A student, David Henry, points out that the word “fish” is used three times in Jonah 1-2, and notes that twice it is masculine (dag; 1:17; 2:10) but once in a feminine form (dagah; 2:1).
A gender-bending fish? Uncertainty on the part of the writer? Or a thematically significant variation? I choose door #3.
Before Jonah enters the fish, it is masculine (1:17); when he is within the fish, it is feminine (2:1); when it expels him onto dry land, it is masculine again (2:10). Jonah’s presence turns the fish (grammatically, literarily) feminine. She turns mother, and he turns fetus; his return to dry land is his new birth.
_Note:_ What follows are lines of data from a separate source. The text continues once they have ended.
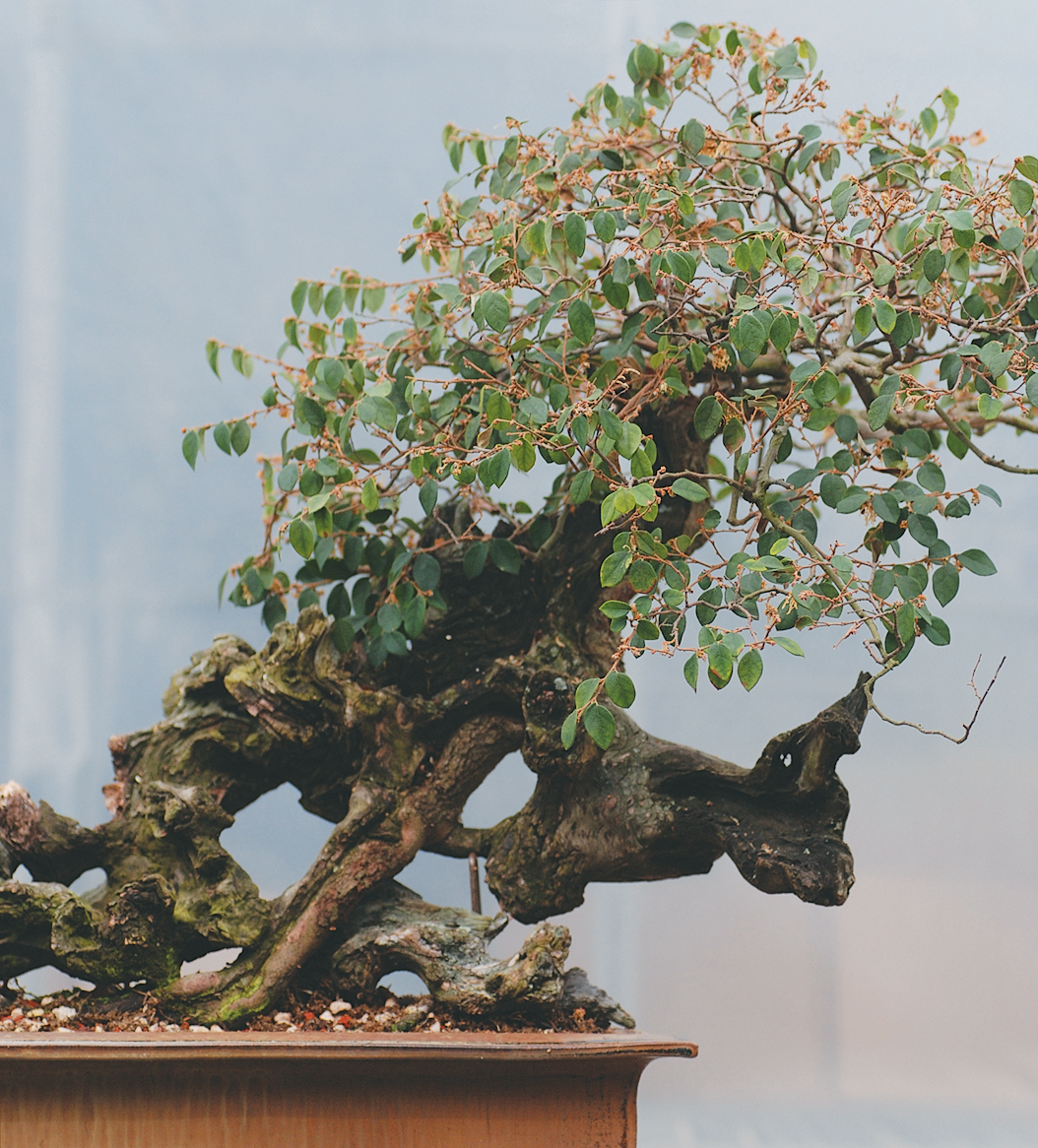 Photo of binsai with gnarled trunk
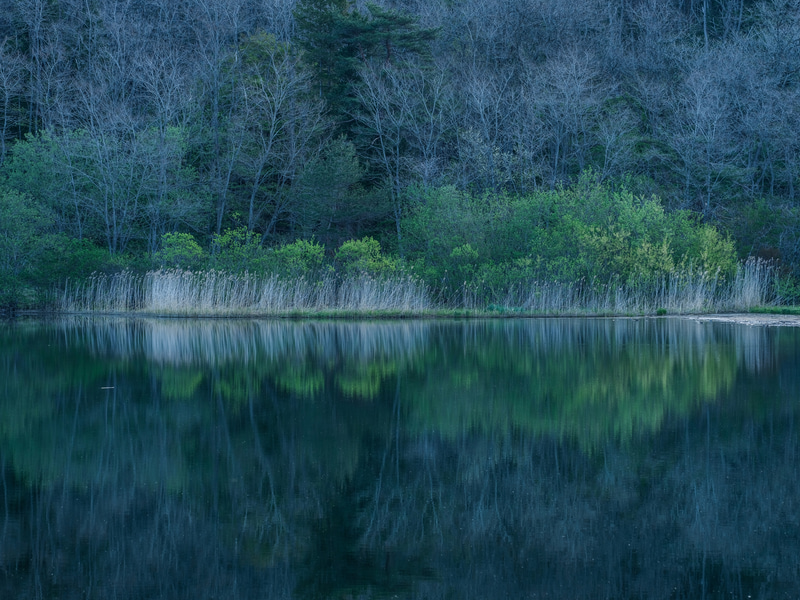 静寂を映す芽吹きの山池。水面の水平を出すのは難しいが、自由雲台にギア雲台G2を搭載すると、上下左右の精緻なこだわりを正確に決められておすすめだ<br><span class="fnt-85">FUJIFILM GFX 50S／GF100-200mmF5.6 R LM OIS WR／158mm（125mm相当）／絞り優先AE（F11、1/10秒、－0.7EV）／ISO 400／WB：太陽光</span>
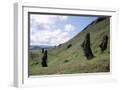 White Frame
That possibility is supported by the use of me’eh for the “belly” of the fish, a word that frequently means “womb” (Genesis 25:23; Ruth 1:11; Psalm 71:6) and when used of men refers to their generative power (Genesis 15:4; 2 Samuel 7:12; 16:11).
Then we allegorize: The fish is a ruler of the Gentile sea, Jonah a representative Israelite. Jonah in the feminine fish promises that the Gentile world will turn fruitful when the seed of Abraham is planted in her belly.
Then we allegorize again: Jesus is Jonah, the grave the belly of the fish. And Jesus the greater Jonah turns the devouring masculine grave into a fruitful womb, a mother of children.